Washington, who people will know from 'Django Unchained' and 'Scandal' delivers a forceful performance. Unfortunately, while her talents as an actress are apparent, her character is difficult to sympathise with as she comes off as unreasonable. Jeremy Jordan is a good fit as Officer Larkin. As for Pasquale, he's putting in such a soap-like performance that he feels like he's in a different movie. His character is quite a jerk, but you also feel bad for him as Kendra is so angry. Moreover, she often contradicts herself, which is just maddening. As Kendra and Scott fight about their son, it feels melodramatic and forced, inorganic. At one point it tries to be romantic and comes off as painfully cringey.

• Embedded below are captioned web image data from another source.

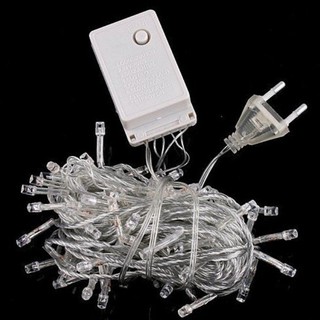 100LED 10M Dây LED Cổ Tích Đèn Tiệc Giáng Sinh Vòng Hoa Cưới Sân Vườn Sân Nhà Lễ Hội Sân Cổ Tích Đèn Trang Trí AC 110V 220V Dải Đèn LED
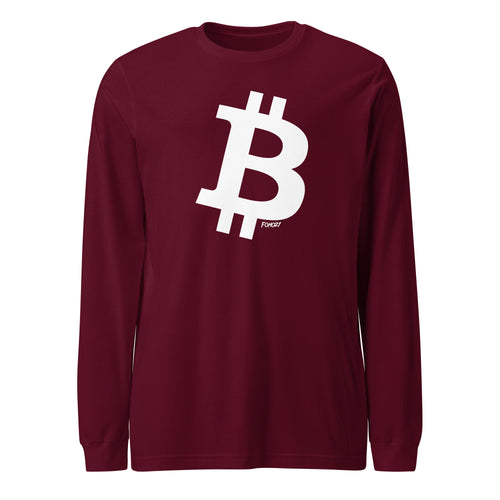 Simple B Bitcoin Long Sleeve T-Shirt-fomo21
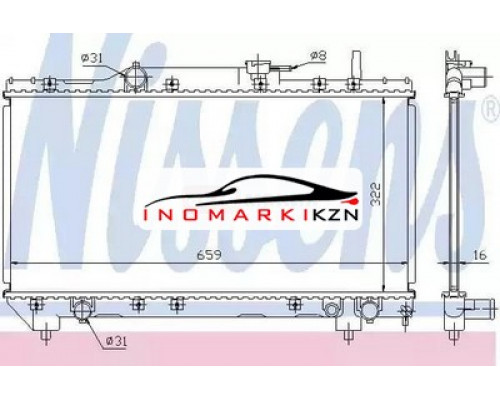 Заказать Радиатор двигателя NISSENS 64838A на Toyota Carina E (1992–1998) в Казани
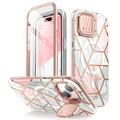 iPhone 15 Supcase Cosmo Mag Hybrid-etui - Pink Marble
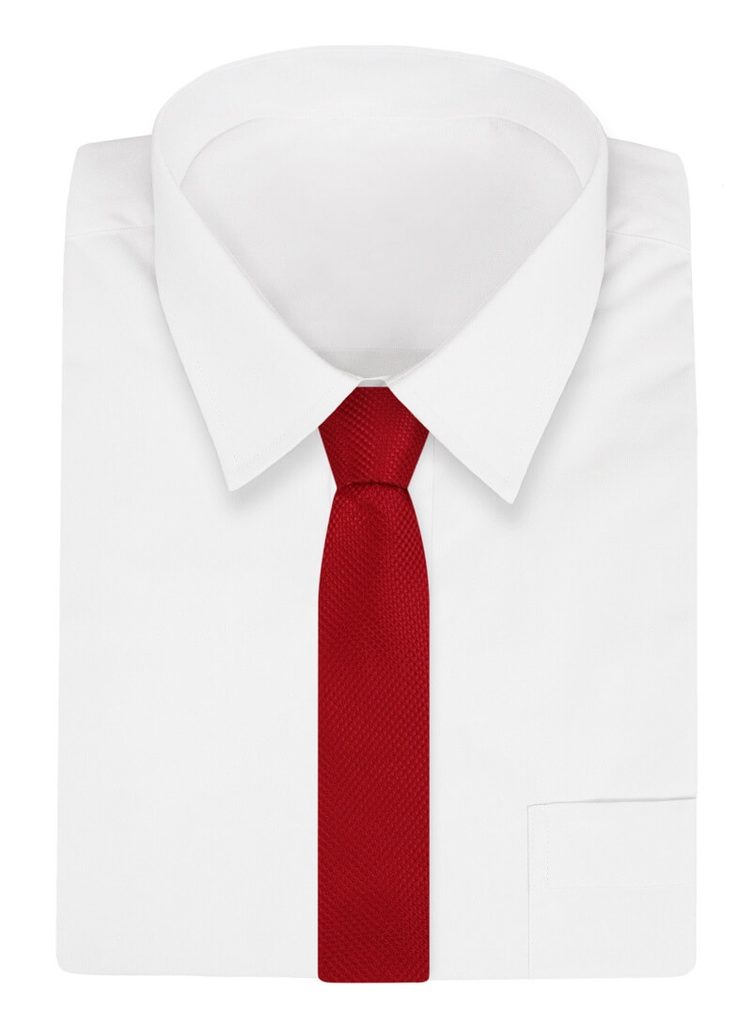 Piros struktúr mintá nyakkendő - Legyferfi.hu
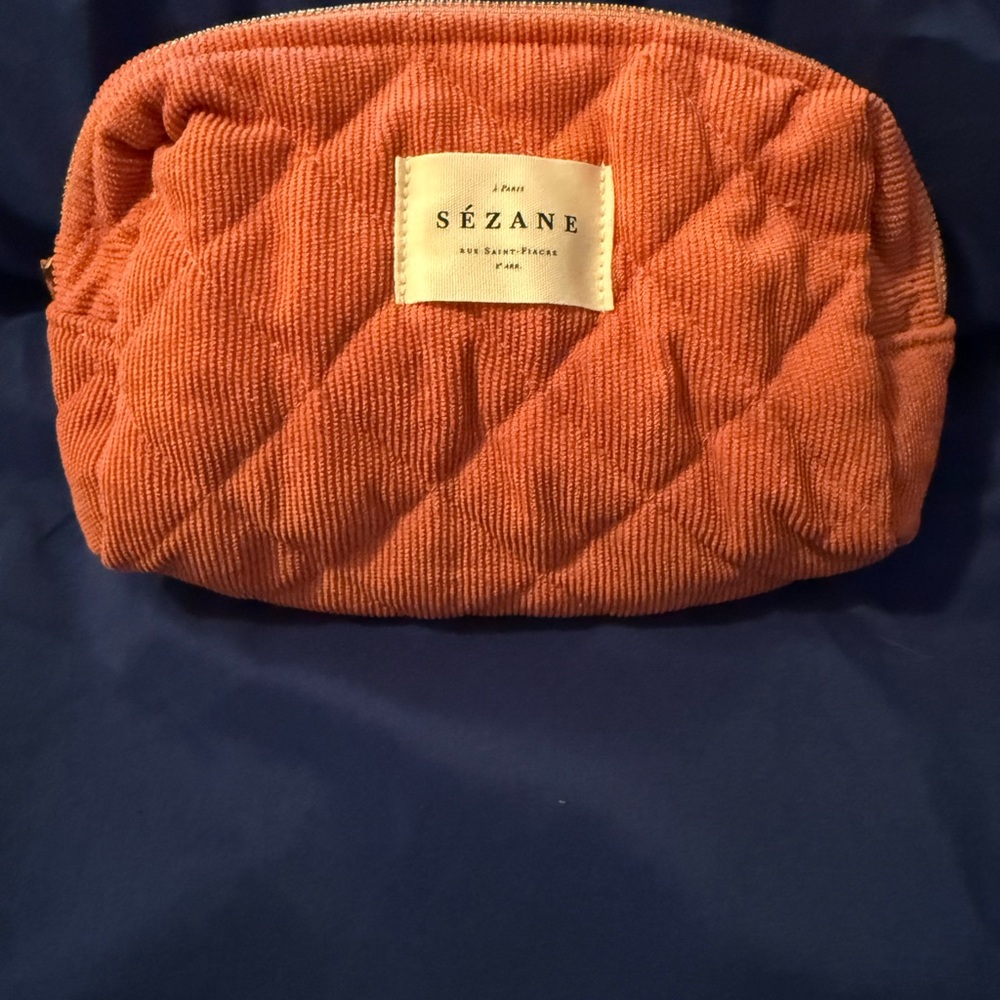 Sézane Ochre Orange Corduroy Quilted Corduroy
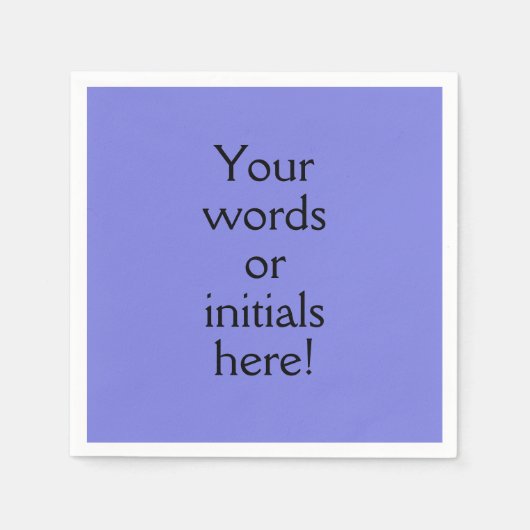 Dark Periwinkle Lila Custom Serviette (Vorderseite)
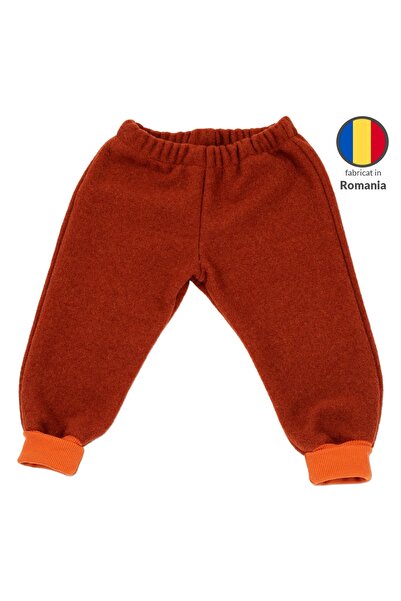 Kidizi Thick fleece pants for children Terracotta 2-3 years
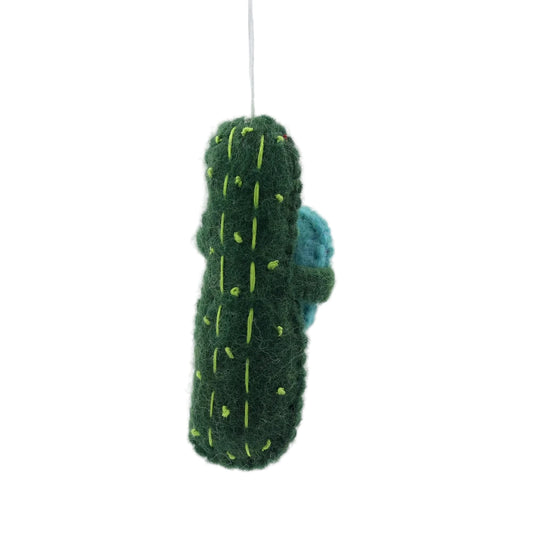 Baby Cucumber Keyring Ornament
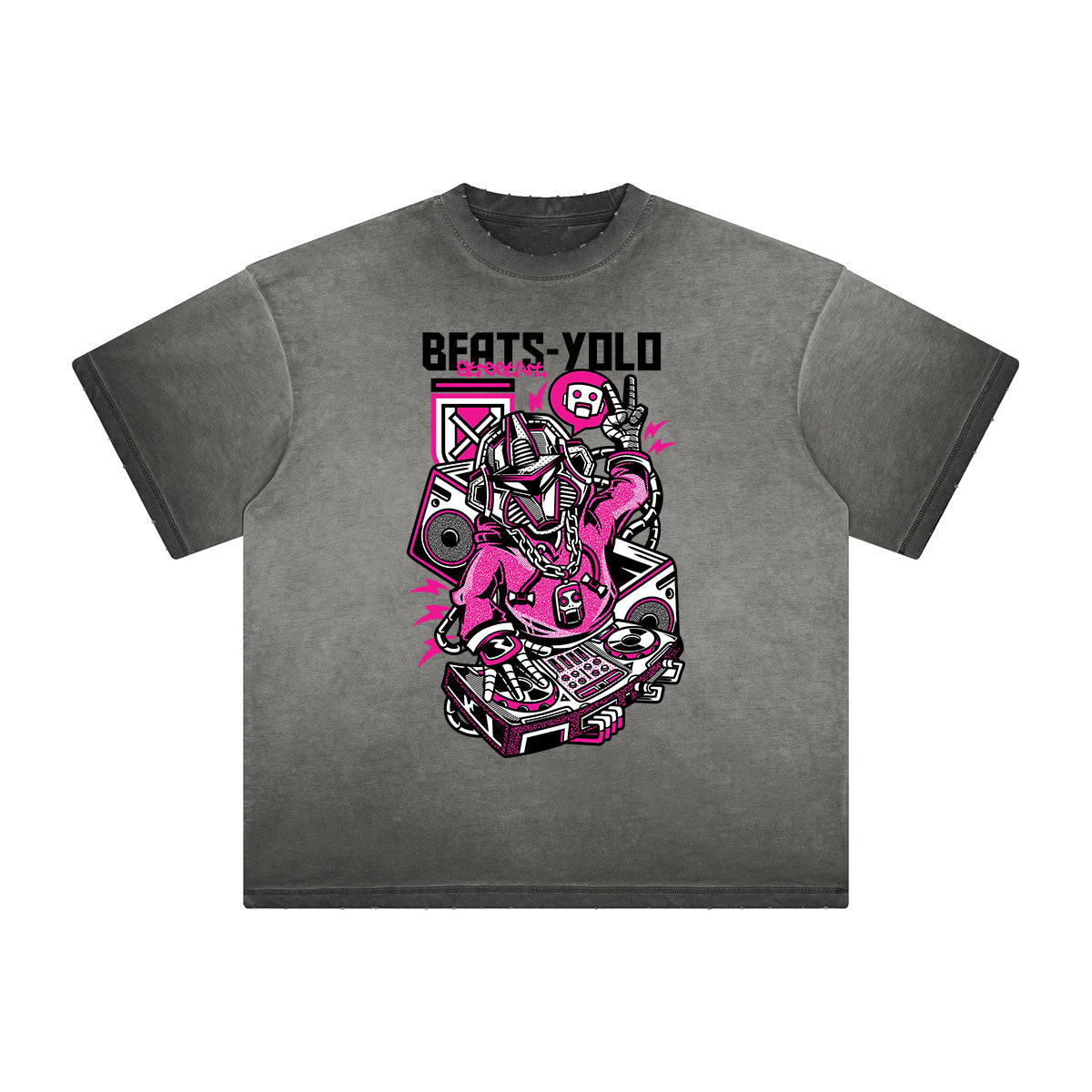 Distressed Streetwear Cartoon Graphic Tee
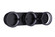 Context 3 Light LED Vanity in Flat Black (20|59303-FB-LED)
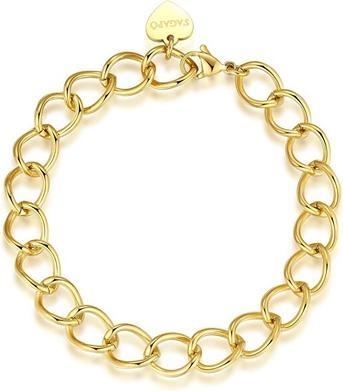 Image du produit Sagapo S'Agapo Stylish Gold-Plated Bracelet Chunky Shk34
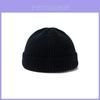 Knitted Hat For Women Men With Solid Color For Autumn Winter Fashion Style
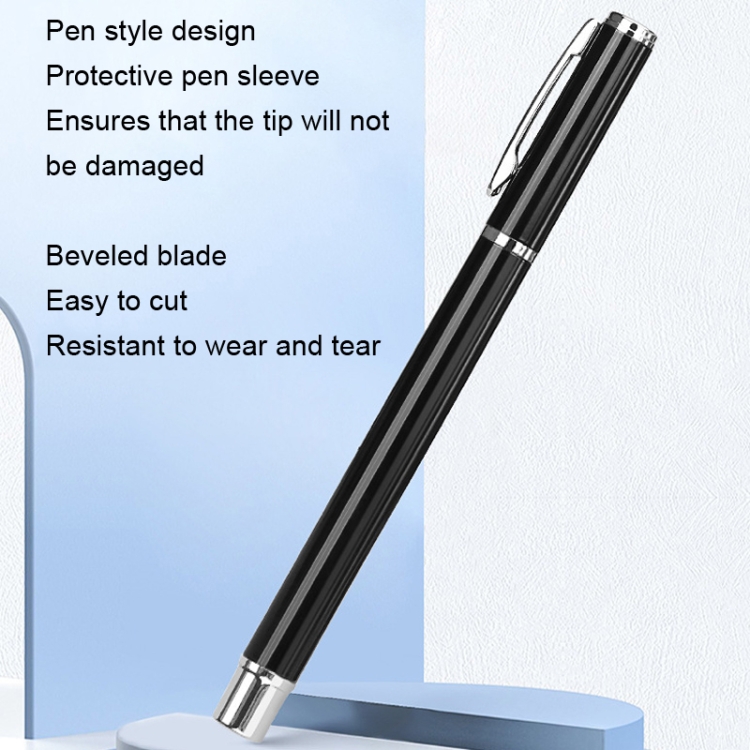 Coltello da taglio a fibra ottica tipo penna Coltello da taglio in acciaio  al tungsteno Coltello da taglio per taglio a fibra nuda
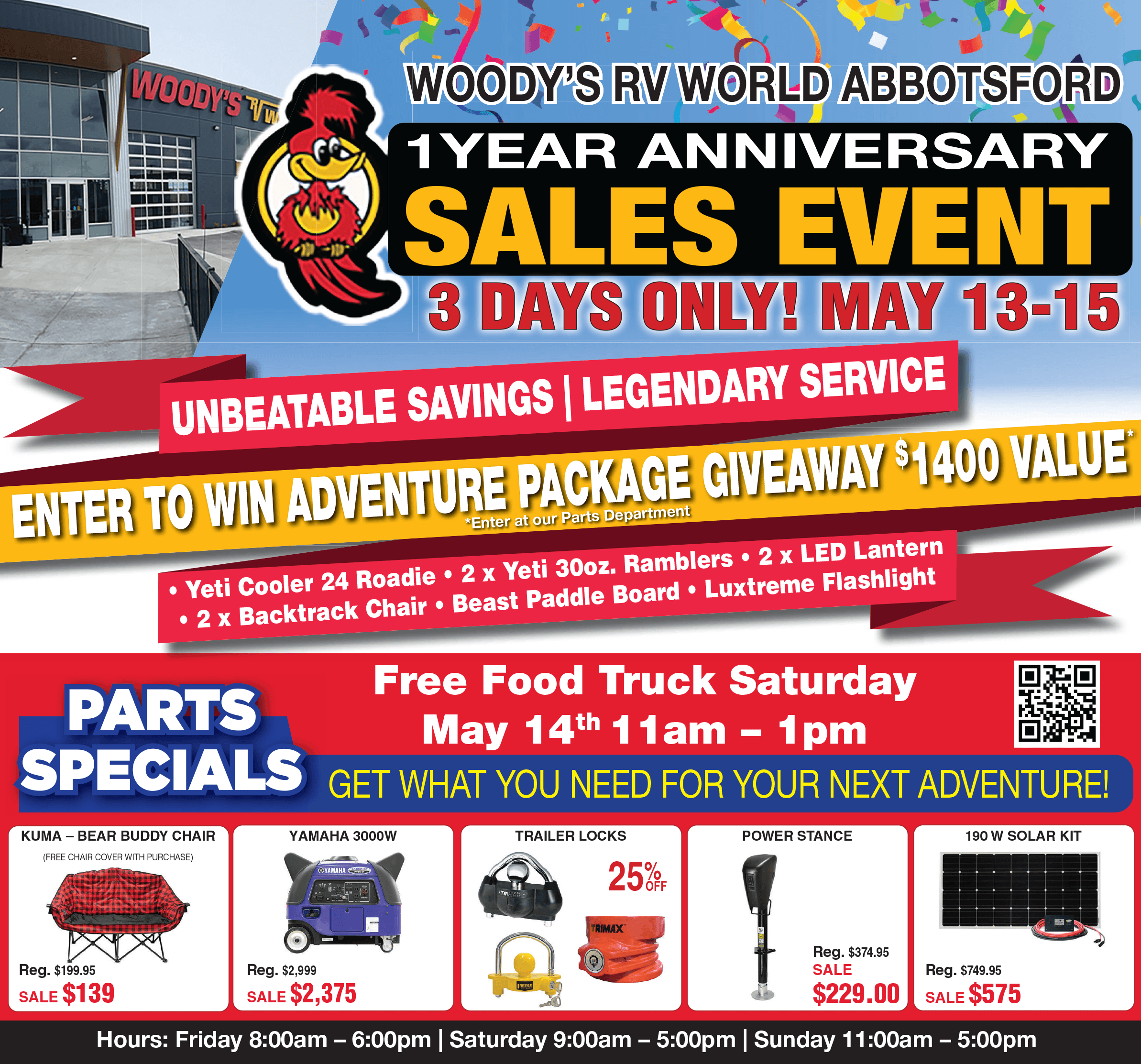 Abbotsford 1 Year Anniversary Sale Woody's RV World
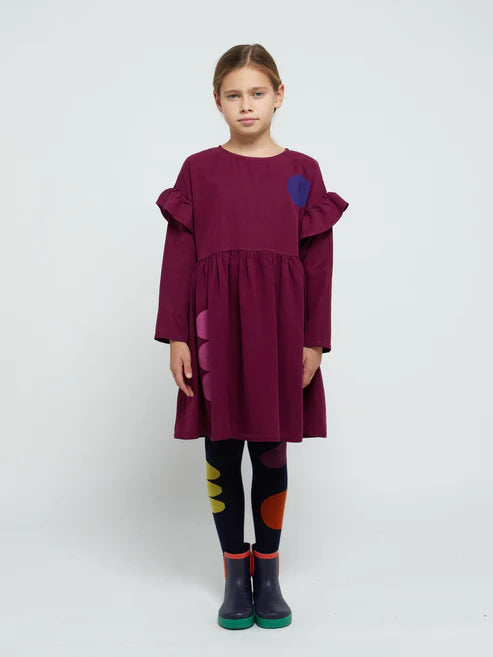 Geometric Shapes Ruffles - Dress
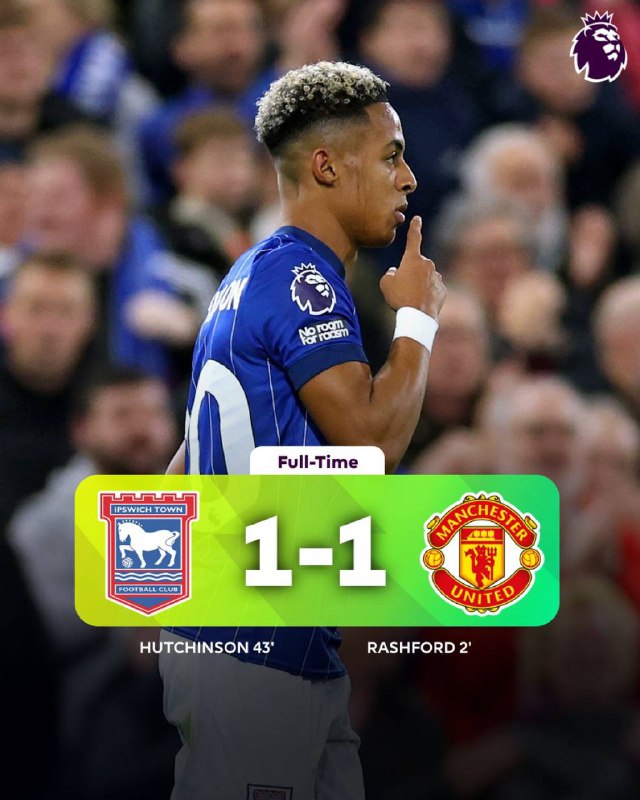 Ipswich hold [@ManchesterUnited](https://t.me/ManchesterUnited) to a draw …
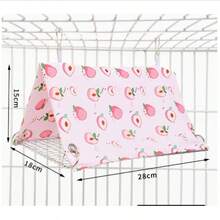 1pc Mesh Triangle Bird Hammock Toy, Patterned Bird Nest Perch, Wind-Resistant Breathable Leak-Proof Base, Suitable For Lovebirds, Parrots, Parrot Species, All-Season Bird Cage Accessory - View 12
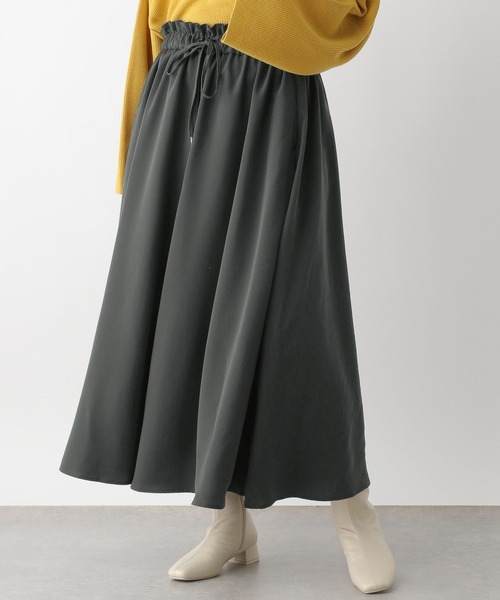 LEPSIM（レプシィム）の「選べる丈ウエストフリルスカーチョ　133642（その他パンツ・レディース・チャコールグレー/ブラック/グレイッシュベージュ・FREE/TALL）」の16枚目の写真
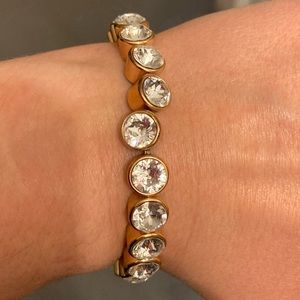 Fifth Avenue Collection Rose Gold Crystal Bracelet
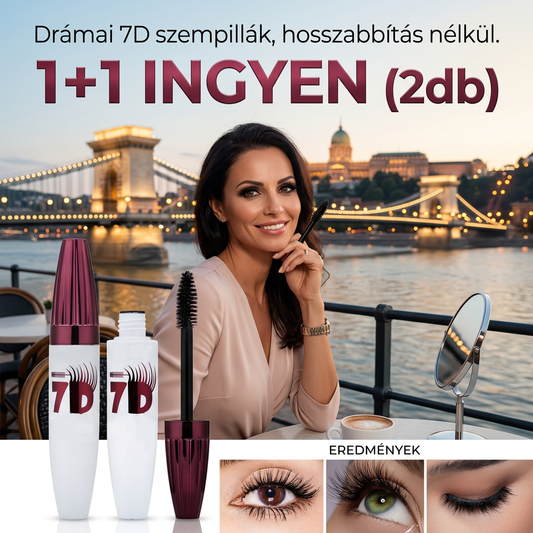 🎁 AKCIÓ: 1+1 GRATIS! Vízálló Szempillaspirál | Nem Mosódik El, Extra Hosszú – Tökéletes Pillantás Minden Napra 👁️💧✨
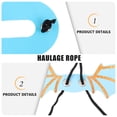 thumbnail image 5 of WHAMVOX 5Ud Reptile Adjustable Leash Azul De Cuero Para Y Cómodo De Mascotas Pequeñas, 5 of 5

The confusion makes sense as 'American Son' feels like a TV movie in its stress on drama drama drama. With all the exposition in the script and single setting, its origins as a theatrical production are obvious. But you wonder how it even worked on the stage.
There's so much aggression and shouting throughout the conversations it leaves you with a headache. Some provocative talking points are raised, for example, there are two drinking fountains down the hall from when the building used to be segregated, while elsewhere the husband suggests "I just don't think that lecturing these people on black lives matter is going to help - let's try catching flies with honey". But it mostly feels ranty and directionless.
Its primary issue is that it feels like it's trying to bring up every instance of racism ever without going anywhere. It's just going around in circles, yelling about how horrible a place the world is. One doesn't want to blame the actors so much as the writing and direction which is rambly and ineffective. Regardless of who's to blame it's a totally missed opportunity to start some real conversations.